東北電力株式会社 事業創出部門 アドバイザーの出馬 弘昭(いずま ひろあき)さまに、『シリコンバレーにおける脱炭素イノベーションと日本の状況』というテーマでお話しいただきました。
世界の脱炭素の動向に興味のある方、カーボンニュートラルに取り組まれている方は、ぜひご覧ください。
◆目次
・シリコンバレー駐在員としての取り組み
・ネットゼロ(温室効果ガスの排出量を「正味ゼロ」にすること)達成のための目標
・シリコンバレーで行われている脱炭素に向けた取り組み
・シリコンバレーで進むガス会社にとって不都合な未来
・エネルギー大手企業の活動
・グローバルクリーンテックの状況
・ガス会社や電力会社の本当の敵
・クリーンテックで欧米に劣後する日本の現実
・日本の明るい兆し
シリコンバレー駐在員としての取り組み
私(出馬氏)は、2016 年から毎週シリコンバレーのどこかで開催されているスタートアップのピッチに参加し、日本にレポートを送っていました。レポートの内容から日本側で興味をもったスタートアップがあれば訪問、交渉して実証実験を行うということに5年間取り組み、数千社のスタートアップと面会。そのうち数十社とビジネス開発を行いました。
東京ガスの CVC の活動を例に挙げると、大きく分けて3つのことに取り組み、スタートアップの探索を行ってきました。
- 1. アクセラレータプログラムに参加してスタートアップに会う。
- 2. 2つのベンチャーキャピタルに出資
- 3. 欧米の主な脱炭素系カンファレンスのスポンサーになる、あるいは参加する
2021 年に私がシリコンバレーから日本に帰ってきて感じたのは、世界の脱炭素イノベーションが日本に伝わっていないということでした。以来、シリコンバレーでの経験を多くの人に伝える活動をしています。
ネットゼロ(温室効果ガスの排出量を「正味ゼロ」にすること)達成のための目標
2021 年に IEA (国際エネルギー機関)が、 2050 年までにネットゼロを達成するにはどうすれば良いかを示したレポートを作成しました。
まず建物分野では、 2025 年に化石燃料ボイラの販売終了。そして同年に 85 % 以上の建物がゼロカーボン仕様になることを世界中で実現する必要があるとしています。
運輸の分野では、2030 年に世界の自動車販売の 60 % が EV (電気自動車)。 2035 年には内燃機関自動車の販売終了を世界で達成することが必要だと示しています。
産業の分野では、2050 年に重工業生産の 90 % 以上が低排出化を世界で実現。

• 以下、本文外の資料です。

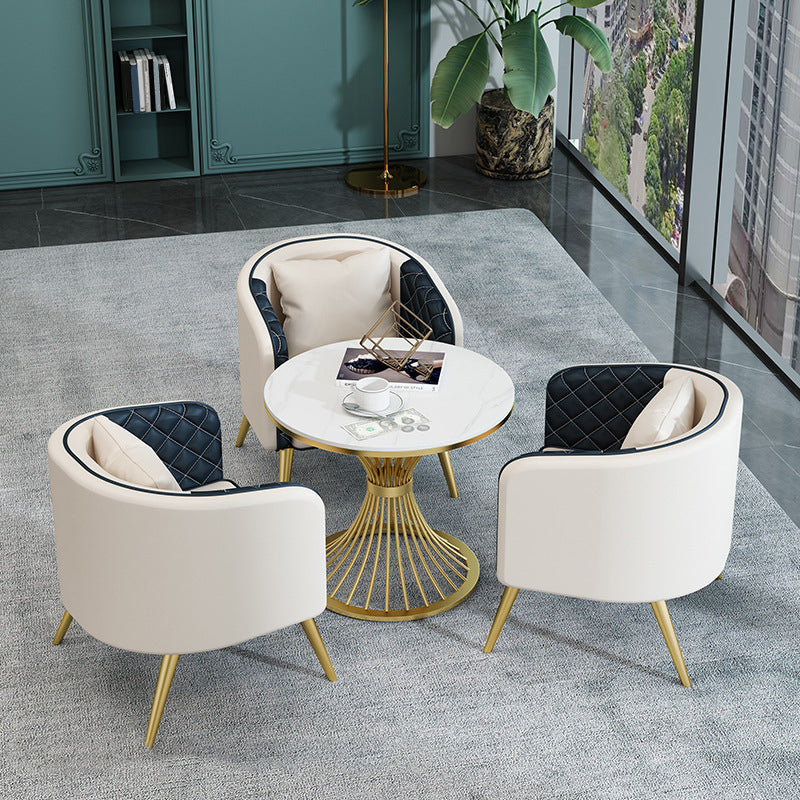 Set da pranzo in pietra sinterizzato in stile moderno round 1/2/3/4/5 pezzi set da pranzo per uso domestico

電力の分野では、 2050 年に世界の約 70 % の電気が太陽光と風力になるよう達成することが求められます。
どの取り組みも非常にハードルが高いのですが、これらを達成したうえでさらに CO2 を年間 7.6 ギガトン回収する必要があります。
ネットゼロの達成にはかなりのイノベーションが必要だということが分かりますが、ここにビジネスチャンスがあるのです。
世界的に見るとイノベーションの担い手はスタートアップのため、各国のスタートアップがビジネスチャンスを求めて激しい競争を繰り広げています。
【PR】
カーボンニュートラルに関するレポートのご案内
リンカーズでは、カーボンニュートラルに向けた技術を「広く」「深く」知ることのできる、「カーボンニュートラル最新技術動向マルチクライアント調査」レポートをご提供しております。リンカーズの技術リサーチャーがグローバルの先端技術情報をピックアップし、専門家の目で情報を整理しているため、効率的な情報収集が可能です。
シリコンバレーで行われている脱炭素に向けた取り組み
シリコンバレーはイノベーションおよび脱炭素のメッカです。脱炭素型のスタートアップはクリーンテック( Cleantech )と呼ばれることが多いため、ここからはクリーンテックと呼びます。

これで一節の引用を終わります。